## [Work to complete]
Repeat word for word the lines from the one containing "12 Moronga Street, Bateau Bay NSW 2261" to the end of the material below, and leave all pictures out.

## [Information shown]
-=-=-

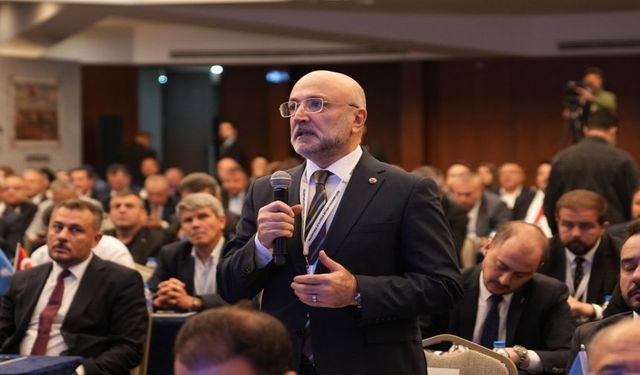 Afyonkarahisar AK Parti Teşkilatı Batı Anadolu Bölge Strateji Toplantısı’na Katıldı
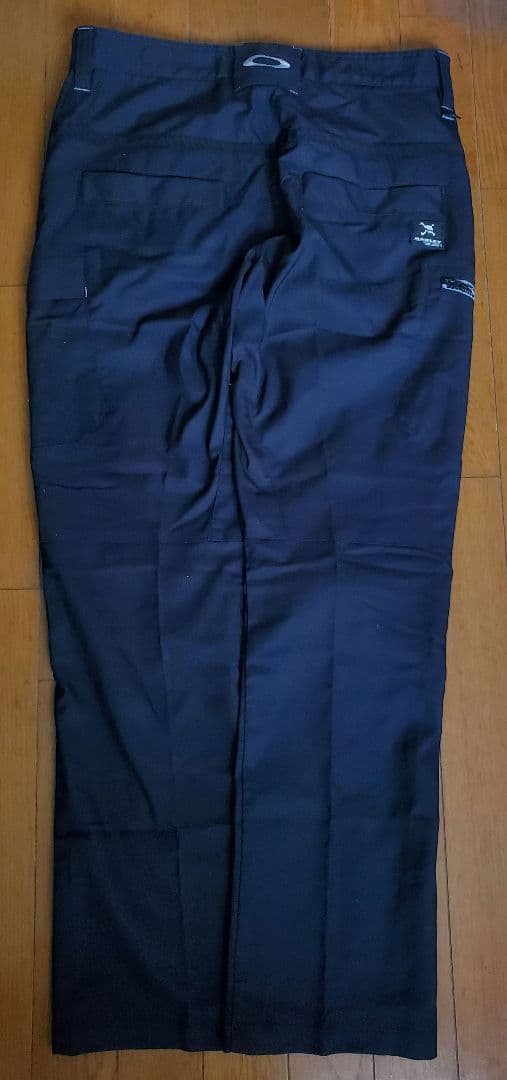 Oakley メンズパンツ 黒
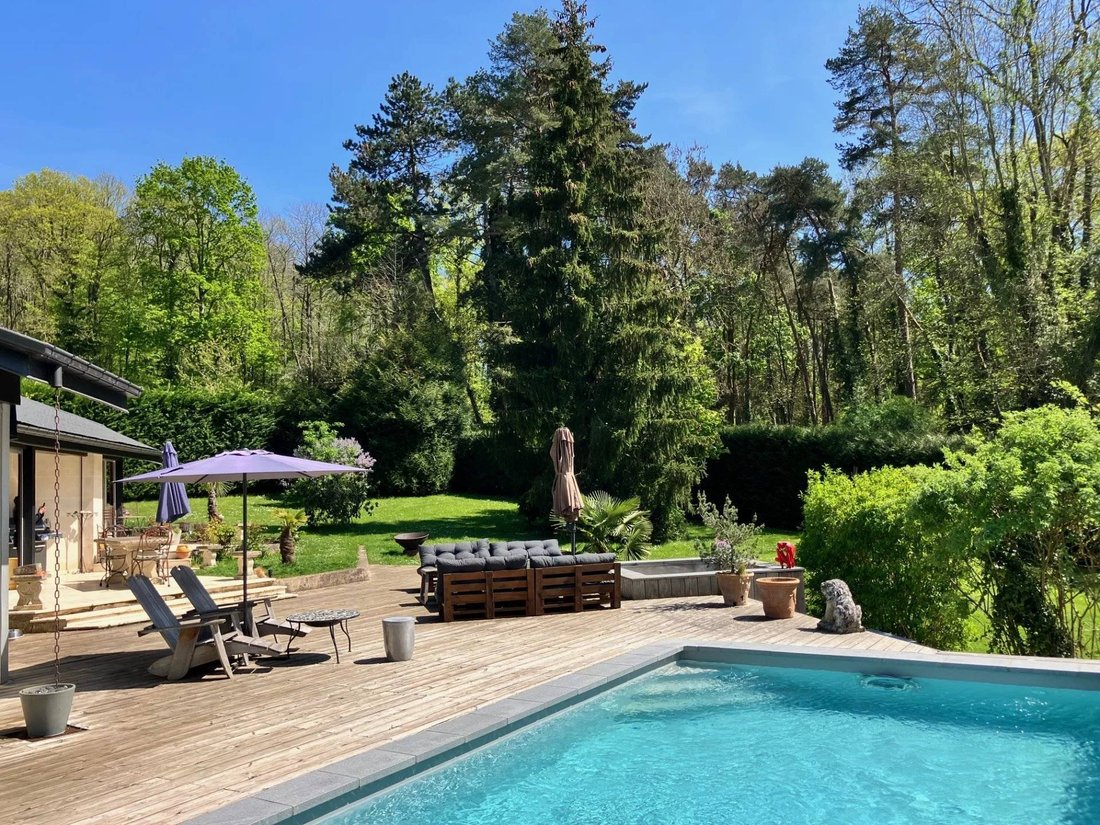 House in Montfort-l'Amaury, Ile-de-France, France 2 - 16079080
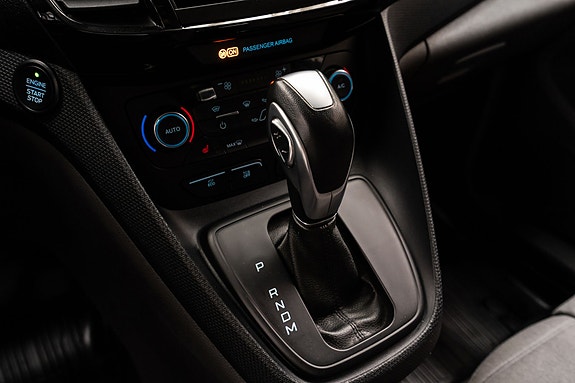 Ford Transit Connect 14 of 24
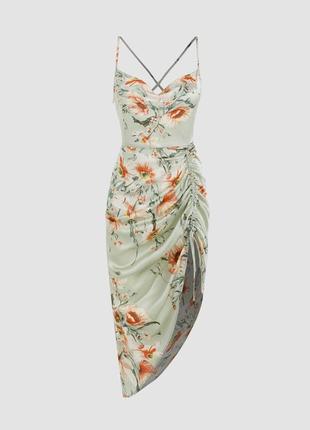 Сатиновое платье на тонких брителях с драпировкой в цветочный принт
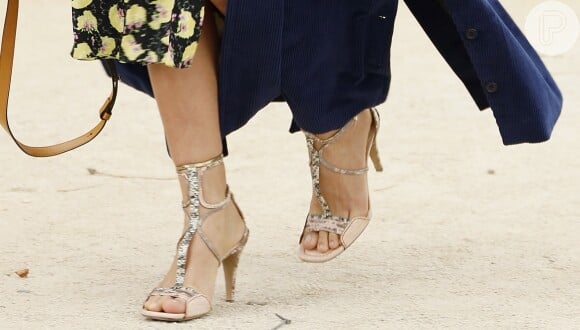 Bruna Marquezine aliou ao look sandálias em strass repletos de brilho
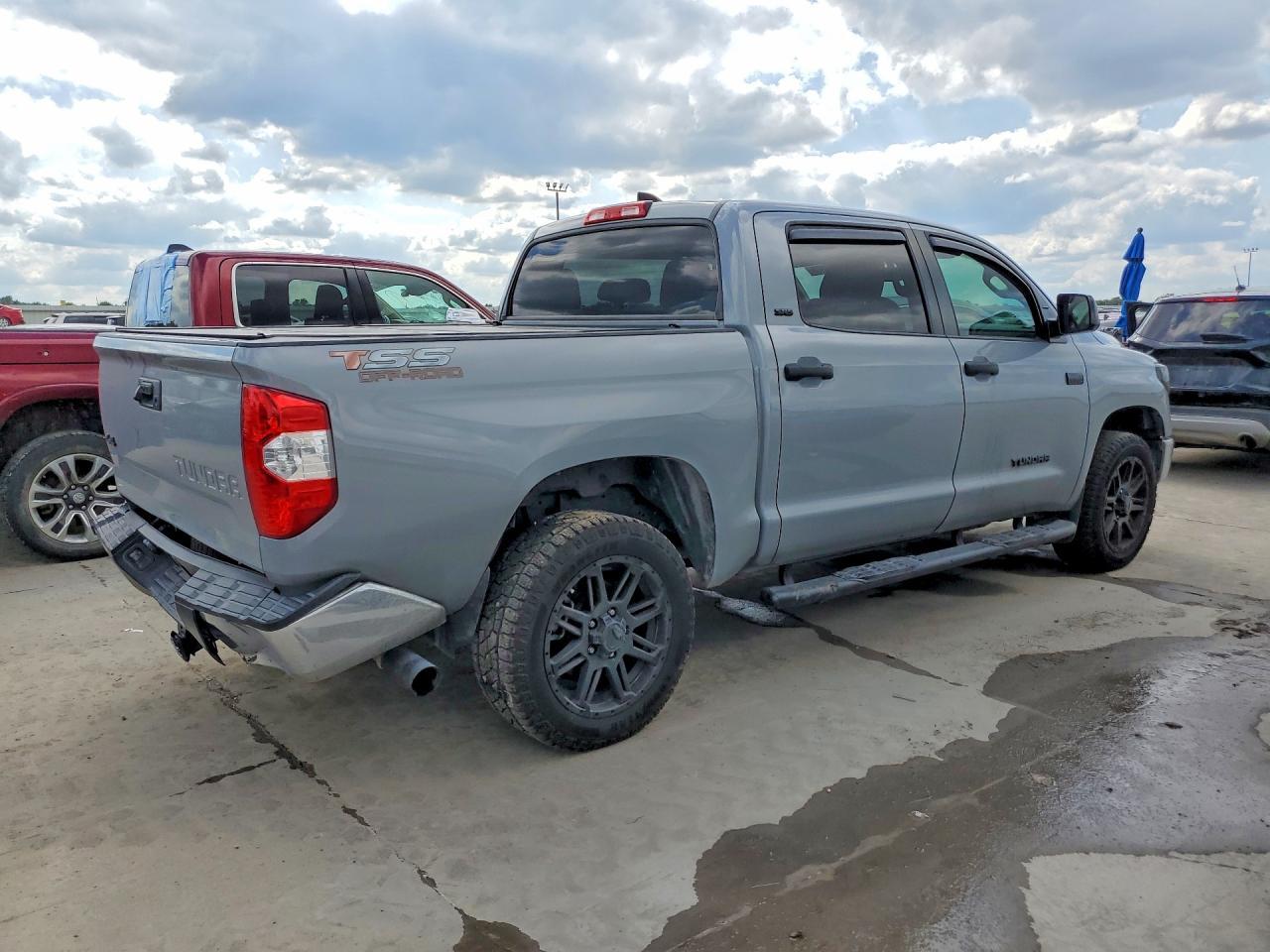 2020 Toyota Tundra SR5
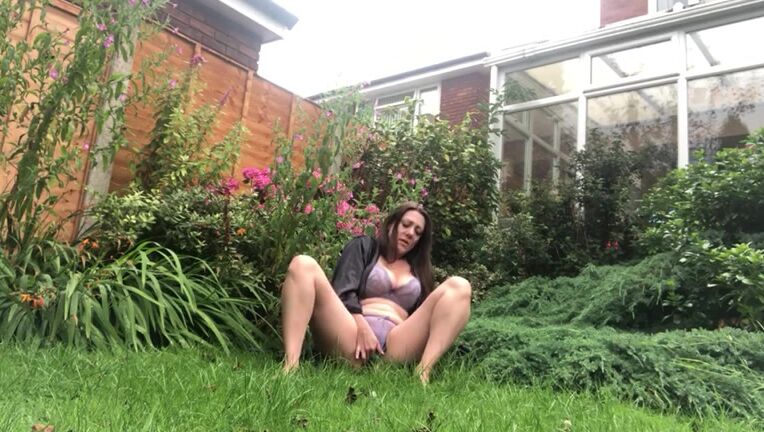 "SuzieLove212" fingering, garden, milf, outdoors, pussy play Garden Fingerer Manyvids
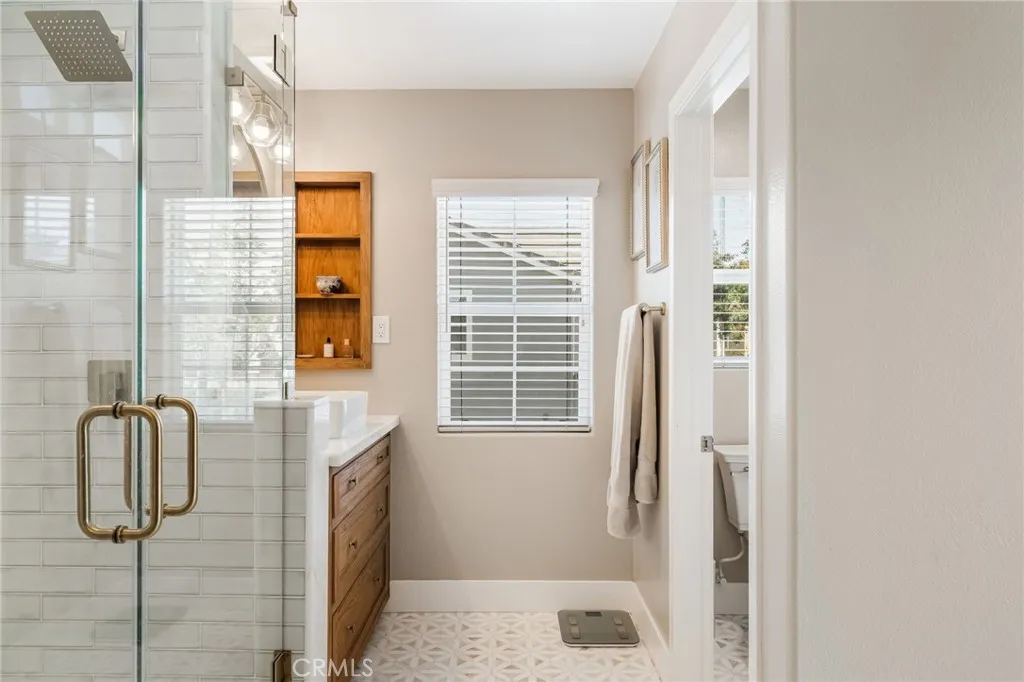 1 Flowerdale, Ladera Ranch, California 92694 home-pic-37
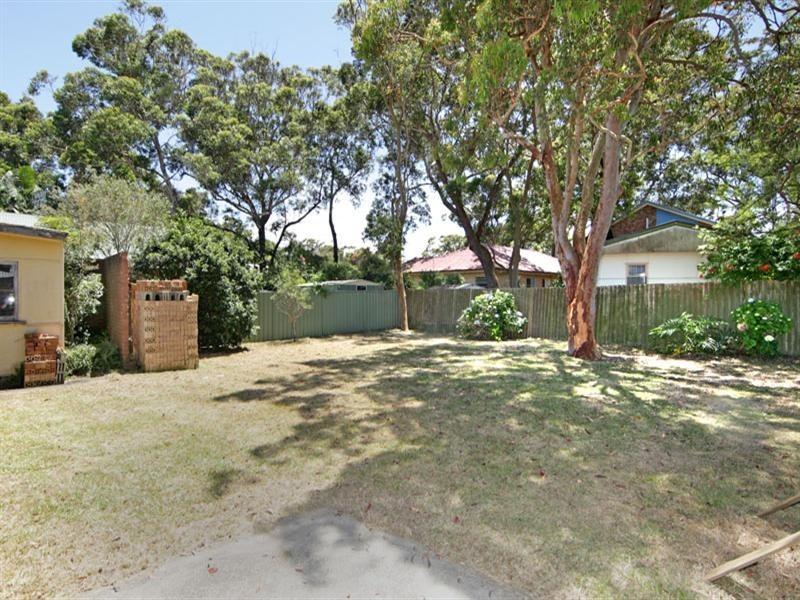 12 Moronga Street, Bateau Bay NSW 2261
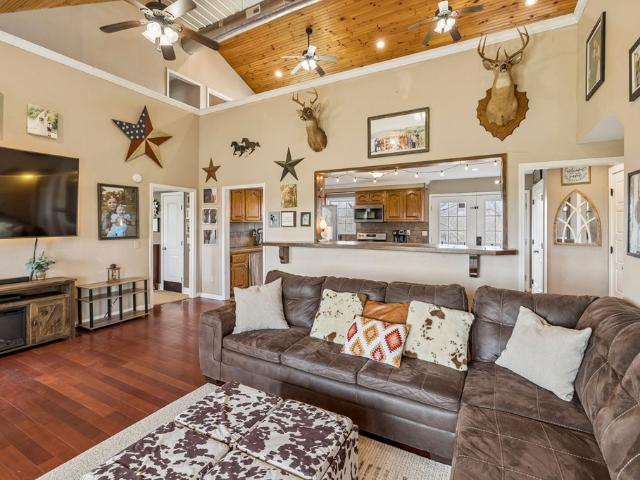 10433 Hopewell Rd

-=-=-

## [Task result]
 12 Moronga Street, Bateau Bay NSW 2261
 10433 Hopewell Rd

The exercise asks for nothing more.